To make it robust, I am trying to delete the nan .Do you have some ideas? @precedenceguo

    @staticmethod
    def _filter_boxes(boxes, min_size):
        """ Remove all boxes with any side smaller than min_size """
        ws = boxes[:, 2] - boxes[:, 0] + 1
        hs = boxes[:, 3] - boxes[:, 1] + 1
        np.set_printoptions(threshold='nan')
        # if np.isnan(ws):
            # print("np.isnan(ws) = ")
            # print(np.isnan(ws))
        # print("ws = ")
        # print(ws)
        # print("hs = ")
        # print(hs)
        # print("min_size = ")
        # print(min_size)
        keep = np.where((ws >= min_size) & (hs >= min_size))[0]
        return keep
ijkguo commented 7 years ago

Happy hacking!

ijkguo commented 7 years ago

Do we have any updates on this? What parameters could cause this NaN problem?

fernandorovai commented 7 years ago

I am facing the same problem. Any update?

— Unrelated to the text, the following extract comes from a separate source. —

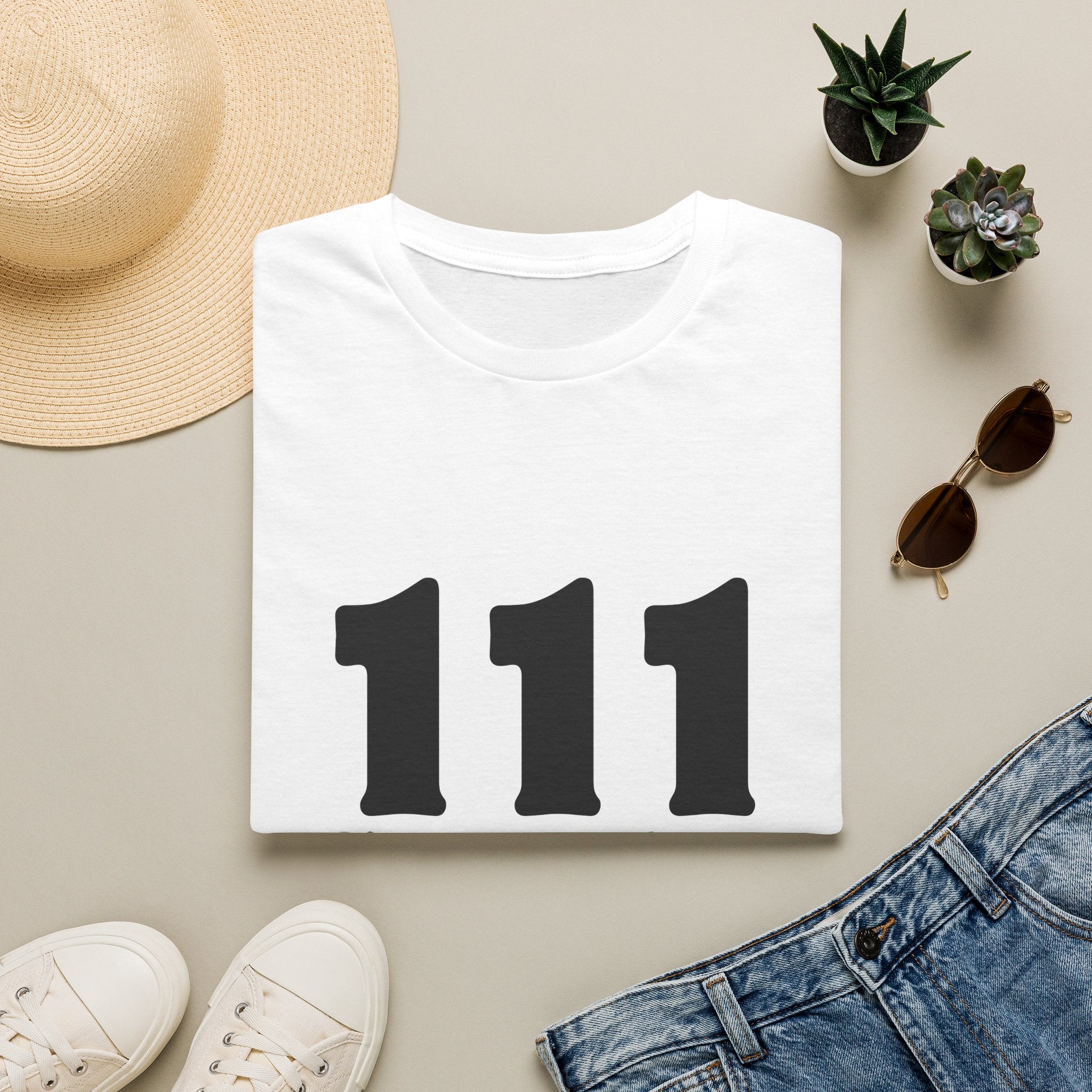 111 Listen to Your Heart T‑Shirt — Angel Number 111 Spiritual Tee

ijkguo commented 7 years ago

Actually I could not reproduce this NaN problem......

fernandorovai commented 7 years ago

I cannot train any dataset because I have this issue in all of them. Kinda crazy trying to figure it out. Thanks anyway!

ijkguo commented 7 years ago

Is is possible that the bounding box coordinates in parsed annotation are wrong? Visualize the ground truth to make sure.

fernandorovai commented 7 years ago

I am using Pascal Voc2007, I think it is safe w.r.t. annotation errors, right? The weird thing is that I don't receive the error when training without pre-trained Image Net file. Do you have any idea? Thank you very much!

ijkguo commented 7 years ago

If you have not changed anything in the code, please try other mxnet examples, e.g. train_cifar10.py to rule out environment factors.

scarlettliu644 commented 6 years ago

lower down your learning rate according to your max_itr and stepsize in four solver files. The problem should be fixed.